Catherine Binet a été la dernière compagne de Georges Pérec, grand écrivain funambule, soucieux de restituer le plus complétement possible la réalité, sans tomber toutefois dans les outrances illisibles du Nouveau roman (Alain Robbe-GrilletClaude Simon, Nathalie Sarraute et leurs épigones). Je connais trop mal l’œuvre de l’auteur de La vie mode d’emploi (je n’ai lu que ça et il y a bien longtemps) pour savoir quelle est sa part dans le film, dans l’esprit du film, si je puis dire, mais je me doute que cet entrelacs subtil de vampirisme, de sensualités adolescentes, d’obsessions artistiques, de dépressions graves et de folies suicidaires n’en est pas indemne.

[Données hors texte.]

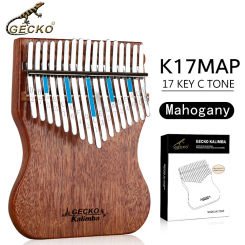 GECKO Kalimba 17 Keys Full veneer solid Mahogany Body,with Instruction and Tune Hammer, Portable Thumb Piano C/B Tone K17MAP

Louise Haines-Pearson (Carol Kane) revient d’Amsterdam où elle travaille et retrouve, dans un très bel appartement bourgeois son mari Bertrand (Michael Lonsdale). J’écris son mari parce que ça m’est suggéré par des critiques évoquées plus haut. Mais Bertrand pourrait tout autant être son père ; rien n’est très clair. Louise va visiter, dans la maison de repos où elle est internée, son amie Nena (Marucha Bo) qui lui confie le manuscrit de son dernier roman, qu’elle juge, d’ailleurs, très érotique. De fait le manuscrit relate l’éveil à la sensualité d’une très jeune fille. Une très jeune fille en qui Louise se reconnaît, ou s’identifie.

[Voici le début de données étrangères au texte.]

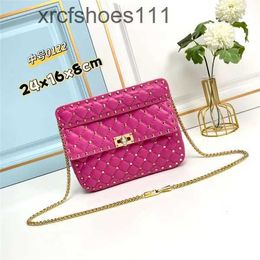 Crossbody Designer Chain Bag Bags Rivet Star Vallentiiino Stud High-quality Style Sheepskin Small Square Casual Lock Buckle One Shoulder Wo K7YM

On saute dans une campagne sévère, très boisée, vers une grande maison, très protégée par de multiples verrous où Bertrand abrite une collection d’anges sculptés baroques, dans une grande pièce enceinte de bois sombres ; et son premier geste est d’écouter le Dies irae du Requiem de Mozart. On revient à Paris, dans le regard de la petite fille qui voit arriver dans la maison paternelle une étrangère qui lui offre une poupée de porcelaine qu’elle saccage et profane consciencieusement.

Survient à ce moment là une ballade bleutée dans un cimetière (images qui marchent à tous les coups, même chez Jean Rollin) et la sépulture de la comtesse Dolingen de Gratz, morte en 1801. Mais retour dans les maisons d’aujourd’hui. On se perd : frustrations et obsessions sexuelles, fantasmes obscènes, horreurs suicidaires, adulations de petite fille pour des gandins avantageux. Amours singulières et gênantes. Dîner bourgeois nauséabond. Hurlements hystériques ; la fin du film est exaltée, même assez ridicule. On ne sait plus où on en est.

Il est des mots lugubres comme l’appel d’un oiseau de la mort. Garde toi de les dire ou ta vie sera peuplée d’ombres et de fantômes qui hanteront tes rêves et se nourriront de ton sang. (carton du Nosferatu de Murnau).